The pseudorandom functionality is stored in the `random` subpackage of `numpy`. Documentation for `numpy.random` can be found here, <a href="https://numpy.org/doc/stable/reference/random/index.html">https://numpy.org/doc/stable/reference/random/index.html</a>.

In [42]:
## random generators are stored in np.random
## a np.random.random() gives a number selected uniformly
## at random from [0,1]
## https://numpy.org/doc/stable/reference/random/generated/numpy.random.random.html
print(np.random.random())

print()

## You can get a random array of any shape as well
## just call np.random.random(tuple containing the shape)
print("A (10,2) uniform random array:\n", np.random.random((10,2)))

0.752710843503806

A (10,2) uniform random array:
 [[0.28768376 0.90268912]
 [0.57830019 0.81712583]
 [0.9249535  0.52007587]
 [0.68516137 0.90914002]
 [0.22032016 0.77870416]
 [0.76399423 0.27461846]
 [0.25492849 0.8921012 ]
 [0.67202039 0.21503276]
 [0.4908133  0.337636  ]
 [0.15267226 0.30119184]]


In [43]:
## Another Example
## np.random.randn() is a normal(0,1) number
## a single draw
## https://numpy.org/doc/stable/reference/random/generated/numpy.random.randn.html
print(np.random.randn())
print()

## an array of draws
## note the slight difference here, we don't have to put
## the 10 and 2 in a tuple to get a 10 by 2 array
## numpy is slightly inconsistent in this area so always
## check the docs to get it right
np.random.randn(10,2)

-0.5323185250964186



array([[-0.71659037, -0.23371257],
       [ 0.67133447, -0.82621725],
       [ 1.73172679, -0.43246798],
       [ 0.87157905, -0.28664284],
       [ 0.198256  ,  0.58050909],
       [ 1.36893807,  0.93261717],
       [-0.78042236,  0.94796512],
       [-0.15880971,  0.07275499],
       [ 0.32323988, -1.34648211],
       [-0.95222681,  1.61823381]])

In [44]:
## A third example
## np.random.binomial()
## an array of binomial(n,p) outcomes
## https://numpy.org/doc/stable/reference/random/generated/numpy.random.binomial.html
np.random.binomial(n=4, p=.3, size=(10,10))
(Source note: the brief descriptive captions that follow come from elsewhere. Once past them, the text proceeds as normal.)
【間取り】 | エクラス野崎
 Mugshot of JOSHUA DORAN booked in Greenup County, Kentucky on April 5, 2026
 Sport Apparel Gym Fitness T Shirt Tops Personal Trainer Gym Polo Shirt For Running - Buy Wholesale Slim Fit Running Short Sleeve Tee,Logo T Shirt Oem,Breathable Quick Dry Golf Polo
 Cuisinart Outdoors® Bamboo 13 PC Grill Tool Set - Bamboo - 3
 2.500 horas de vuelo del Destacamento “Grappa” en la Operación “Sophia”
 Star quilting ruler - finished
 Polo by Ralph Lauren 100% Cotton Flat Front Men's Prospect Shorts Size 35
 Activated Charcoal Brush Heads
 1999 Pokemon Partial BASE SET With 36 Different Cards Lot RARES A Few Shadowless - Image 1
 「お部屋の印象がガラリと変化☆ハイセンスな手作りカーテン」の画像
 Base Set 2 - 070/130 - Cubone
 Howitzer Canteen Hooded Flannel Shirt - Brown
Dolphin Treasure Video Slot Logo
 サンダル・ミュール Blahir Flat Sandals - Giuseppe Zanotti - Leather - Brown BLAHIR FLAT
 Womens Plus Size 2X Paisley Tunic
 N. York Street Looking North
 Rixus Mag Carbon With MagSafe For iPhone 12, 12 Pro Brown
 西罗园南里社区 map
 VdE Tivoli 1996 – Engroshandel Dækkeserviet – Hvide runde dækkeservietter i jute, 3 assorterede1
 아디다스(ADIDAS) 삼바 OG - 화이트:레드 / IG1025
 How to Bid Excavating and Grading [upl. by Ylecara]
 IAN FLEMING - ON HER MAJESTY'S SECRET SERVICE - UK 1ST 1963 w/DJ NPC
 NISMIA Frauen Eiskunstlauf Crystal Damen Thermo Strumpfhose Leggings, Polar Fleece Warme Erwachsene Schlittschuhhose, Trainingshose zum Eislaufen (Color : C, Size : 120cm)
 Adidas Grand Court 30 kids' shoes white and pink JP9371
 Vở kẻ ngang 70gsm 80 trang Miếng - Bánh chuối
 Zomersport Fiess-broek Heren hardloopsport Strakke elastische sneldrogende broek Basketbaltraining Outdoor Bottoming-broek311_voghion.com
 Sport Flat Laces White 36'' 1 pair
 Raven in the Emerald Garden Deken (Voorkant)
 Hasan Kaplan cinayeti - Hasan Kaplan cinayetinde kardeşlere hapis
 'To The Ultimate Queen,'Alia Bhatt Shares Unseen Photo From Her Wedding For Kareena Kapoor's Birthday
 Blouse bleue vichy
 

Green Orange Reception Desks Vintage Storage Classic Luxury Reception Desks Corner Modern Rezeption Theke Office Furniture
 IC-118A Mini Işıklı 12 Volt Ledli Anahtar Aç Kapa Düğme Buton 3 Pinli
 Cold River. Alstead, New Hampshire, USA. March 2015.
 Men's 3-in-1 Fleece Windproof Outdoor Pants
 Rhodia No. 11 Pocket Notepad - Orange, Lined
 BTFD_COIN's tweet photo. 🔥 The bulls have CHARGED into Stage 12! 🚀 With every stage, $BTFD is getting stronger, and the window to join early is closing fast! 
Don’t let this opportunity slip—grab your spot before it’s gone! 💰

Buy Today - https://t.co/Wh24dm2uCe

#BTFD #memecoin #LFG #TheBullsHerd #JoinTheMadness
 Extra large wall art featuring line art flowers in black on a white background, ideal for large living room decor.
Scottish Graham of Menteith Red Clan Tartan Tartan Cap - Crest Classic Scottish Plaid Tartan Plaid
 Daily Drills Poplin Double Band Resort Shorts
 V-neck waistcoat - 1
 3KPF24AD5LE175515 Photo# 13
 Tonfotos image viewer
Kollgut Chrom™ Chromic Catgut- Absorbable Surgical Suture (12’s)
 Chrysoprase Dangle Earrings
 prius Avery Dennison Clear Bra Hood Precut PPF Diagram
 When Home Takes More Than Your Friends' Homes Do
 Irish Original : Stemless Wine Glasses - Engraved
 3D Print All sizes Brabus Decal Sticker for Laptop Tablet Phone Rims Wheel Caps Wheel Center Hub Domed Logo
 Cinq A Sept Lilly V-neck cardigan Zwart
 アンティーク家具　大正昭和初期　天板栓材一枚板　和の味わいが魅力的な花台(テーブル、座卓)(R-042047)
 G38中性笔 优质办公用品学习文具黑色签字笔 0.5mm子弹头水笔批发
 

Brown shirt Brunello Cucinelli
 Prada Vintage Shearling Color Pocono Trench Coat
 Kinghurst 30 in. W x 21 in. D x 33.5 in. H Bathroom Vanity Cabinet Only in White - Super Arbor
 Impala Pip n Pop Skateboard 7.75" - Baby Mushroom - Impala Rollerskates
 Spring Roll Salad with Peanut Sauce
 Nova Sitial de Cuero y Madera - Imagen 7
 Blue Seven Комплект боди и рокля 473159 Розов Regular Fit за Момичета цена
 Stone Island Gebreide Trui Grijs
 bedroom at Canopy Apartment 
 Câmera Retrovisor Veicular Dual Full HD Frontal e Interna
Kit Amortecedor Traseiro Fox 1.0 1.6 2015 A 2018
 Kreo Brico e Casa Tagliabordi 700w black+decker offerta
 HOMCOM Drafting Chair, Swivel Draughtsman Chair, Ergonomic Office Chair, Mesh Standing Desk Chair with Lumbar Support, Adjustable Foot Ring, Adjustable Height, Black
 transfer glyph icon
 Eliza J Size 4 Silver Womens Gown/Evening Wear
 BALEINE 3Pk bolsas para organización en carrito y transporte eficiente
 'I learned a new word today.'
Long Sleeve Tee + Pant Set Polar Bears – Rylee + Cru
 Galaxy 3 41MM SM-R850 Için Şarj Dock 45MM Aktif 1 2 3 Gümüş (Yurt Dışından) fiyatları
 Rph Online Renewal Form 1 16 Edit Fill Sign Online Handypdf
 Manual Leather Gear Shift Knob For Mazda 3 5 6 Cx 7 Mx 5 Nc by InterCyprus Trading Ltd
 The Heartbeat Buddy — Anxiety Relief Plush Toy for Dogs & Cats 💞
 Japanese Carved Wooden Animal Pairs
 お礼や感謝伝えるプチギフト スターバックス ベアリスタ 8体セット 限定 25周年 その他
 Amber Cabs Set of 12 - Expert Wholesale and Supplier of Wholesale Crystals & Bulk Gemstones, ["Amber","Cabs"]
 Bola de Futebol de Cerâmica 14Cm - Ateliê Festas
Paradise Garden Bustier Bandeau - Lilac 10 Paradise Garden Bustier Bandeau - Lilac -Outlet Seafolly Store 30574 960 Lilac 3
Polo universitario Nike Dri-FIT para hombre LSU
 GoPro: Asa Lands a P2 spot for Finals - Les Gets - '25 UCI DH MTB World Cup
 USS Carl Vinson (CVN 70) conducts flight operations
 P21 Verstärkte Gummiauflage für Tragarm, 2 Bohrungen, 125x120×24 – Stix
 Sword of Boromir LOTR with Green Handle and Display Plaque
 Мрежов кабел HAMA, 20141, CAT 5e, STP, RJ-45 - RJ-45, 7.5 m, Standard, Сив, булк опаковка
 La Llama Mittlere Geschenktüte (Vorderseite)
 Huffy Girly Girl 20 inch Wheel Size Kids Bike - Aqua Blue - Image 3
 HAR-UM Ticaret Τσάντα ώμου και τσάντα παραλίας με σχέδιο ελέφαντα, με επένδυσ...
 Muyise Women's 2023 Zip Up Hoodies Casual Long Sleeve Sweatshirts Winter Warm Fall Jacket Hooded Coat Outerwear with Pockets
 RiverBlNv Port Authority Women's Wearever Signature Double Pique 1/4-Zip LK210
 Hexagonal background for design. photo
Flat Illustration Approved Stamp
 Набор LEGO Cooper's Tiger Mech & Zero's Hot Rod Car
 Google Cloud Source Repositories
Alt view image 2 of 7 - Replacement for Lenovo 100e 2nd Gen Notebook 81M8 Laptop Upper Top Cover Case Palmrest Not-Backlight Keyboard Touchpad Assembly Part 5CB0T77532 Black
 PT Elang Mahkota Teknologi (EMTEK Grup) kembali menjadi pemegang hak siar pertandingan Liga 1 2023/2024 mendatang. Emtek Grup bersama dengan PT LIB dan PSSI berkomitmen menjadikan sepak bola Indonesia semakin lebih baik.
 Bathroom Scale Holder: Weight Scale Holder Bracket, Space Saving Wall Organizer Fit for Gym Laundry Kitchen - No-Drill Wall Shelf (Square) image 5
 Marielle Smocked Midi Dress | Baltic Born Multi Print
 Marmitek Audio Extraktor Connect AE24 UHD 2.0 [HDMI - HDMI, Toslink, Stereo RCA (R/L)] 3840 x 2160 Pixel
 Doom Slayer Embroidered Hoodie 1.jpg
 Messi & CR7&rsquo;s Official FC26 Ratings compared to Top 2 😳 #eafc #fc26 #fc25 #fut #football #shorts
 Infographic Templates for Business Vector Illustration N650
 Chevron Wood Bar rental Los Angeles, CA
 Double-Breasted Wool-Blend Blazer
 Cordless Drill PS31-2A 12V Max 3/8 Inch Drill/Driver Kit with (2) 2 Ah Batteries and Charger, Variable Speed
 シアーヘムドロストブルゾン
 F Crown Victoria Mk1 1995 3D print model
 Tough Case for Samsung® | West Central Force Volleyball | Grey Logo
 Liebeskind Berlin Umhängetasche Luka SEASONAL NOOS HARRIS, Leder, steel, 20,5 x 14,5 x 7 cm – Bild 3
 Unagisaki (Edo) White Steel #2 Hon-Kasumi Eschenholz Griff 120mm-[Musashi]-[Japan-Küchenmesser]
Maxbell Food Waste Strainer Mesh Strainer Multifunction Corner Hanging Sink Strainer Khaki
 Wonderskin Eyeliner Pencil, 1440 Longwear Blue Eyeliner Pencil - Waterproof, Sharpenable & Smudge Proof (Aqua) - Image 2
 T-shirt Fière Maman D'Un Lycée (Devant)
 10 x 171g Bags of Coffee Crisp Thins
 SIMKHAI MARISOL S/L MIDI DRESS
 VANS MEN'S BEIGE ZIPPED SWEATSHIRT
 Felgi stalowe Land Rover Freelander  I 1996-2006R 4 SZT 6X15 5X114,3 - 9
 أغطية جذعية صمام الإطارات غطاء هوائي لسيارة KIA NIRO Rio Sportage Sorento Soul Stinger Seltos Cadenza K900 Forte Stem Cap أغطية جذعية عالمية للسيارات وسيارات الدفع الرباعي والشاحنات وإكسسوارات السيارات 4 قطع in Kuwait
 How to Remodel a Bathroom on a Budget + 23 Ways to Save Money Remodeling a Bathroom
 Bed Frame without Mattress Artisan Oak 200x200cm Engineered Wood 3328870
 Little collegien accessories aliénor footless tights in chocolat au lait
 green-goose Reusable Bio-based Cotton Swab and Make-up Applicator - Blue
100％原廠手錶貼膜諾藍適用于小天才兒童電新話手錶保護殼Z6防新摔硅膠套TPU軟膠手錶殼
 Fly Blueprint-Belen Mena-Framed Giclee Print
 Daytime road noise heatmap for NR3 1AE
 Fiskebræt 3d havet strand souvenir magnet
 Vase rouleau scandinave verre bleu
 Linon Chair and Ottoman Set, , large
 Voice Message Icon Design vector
array([[0, 0, 2, 0, 1, 0, 3, 2, 0, 1],
       [2, 2, 1, 3, 1, 1, 0, 2, 1, 2],
       [0, 2, 2, 2, 3, 2, 0, 1, 2, 1],
       [0, 1, 2, 2, 1, 1, 1, 1, 1, 0],
       [1, 0, 0, 2, 1, 0, 2, 2, 2, 3],
       [0, 2, 2, 1, 1, 1, 1, 1, 2, 1],
       [0, 3, 1, 2, 2, 1, 1, 1, 1, 3],
       [1, 0, 1, 1, 0, 0, 0, 2, 1, 2],
       [2, 1, 0, 1, 3, 2, 1, 0, 1, 0],
       [0, 0, 0, 1, 1, 2, 0, 1, 1, 0]], dtype=int32)

##### Random Seeds

You may have noticed that your randomly generated numbers are different from the ones in the pre-recorded lecture (if you are watching the lecture that is!). This is expected because they are random numbers. It would be quite the coincidence if two different runs came up with the exact same random draw (for the random distributions we have looked at above).

If you want to ensure that you get the same random draw across runs you first need to set a random seed. In `numpy` this is done with `numpy.random.seed()`, <a href="https://numpy.org/doc/stable/reference/random/generated/numpy.random.seed.html">https://numpy.org/doc/stable/reference/random/generated/numpy.random.seed.html</a>. Let's see it in action.

In [45]:
## Run this code chunk as many times as you'd like
## it should always give the same number

## to set a random seed you call np.random.seed(integer >= 0)
## Note that your number can be any integer so long as it is non-negative
np.random.seed(440)

np.random.randn()

-0.3202545309014756

In [46]:
## You code
## make a 20 by 3 array of random normal draws
## call it X
X = np.random.randn(20,3)

In [47]:
X

array([[ 1.09050674,  1.52886149,  1.37612136],
       [-0.3062176 , -0.32709566, -1.4372358 ],
       [-0.72984114, -1.39495541,  0.87123193],
       [-1.55909171,  0.92335339,  0.07040371],
       [ 1.55344434, -1.39755153, -0.12756144],
       [-0.33480946, -0.02569027, -0.61265739],
       [ 0.3461294 , -0.4505475 , -0.44789901],
       [-0.90636936, -0.24323007, -0.09989317],
       [-0.11314842, -0.65692752,  1.46753968],
       [-0.83684519, -0.49411999,  1.59754225],
       [-0.08843056, -1.76865057, -0.40919394],
       [-2.53475325, -0.06538607,  0.12405334],
       [-0.85589135, -0.49764564, -0.5827299 ],
       [-0.70518513,  1.20940779,  1.22638777],
       [ 0.31923843, -1.52496383, -1.70568229],
       [-0.42592553,  1.24464831,  0.49398348],
       [ 1.87258836, -0.06424433,  1.40322558],
       [-0.87162199, -0.79654564, -0.04781258],
       [-0.57865208,  0.81793672, -0.42460452],
       [-0.90231823,  0.46981075,  1.11543939]])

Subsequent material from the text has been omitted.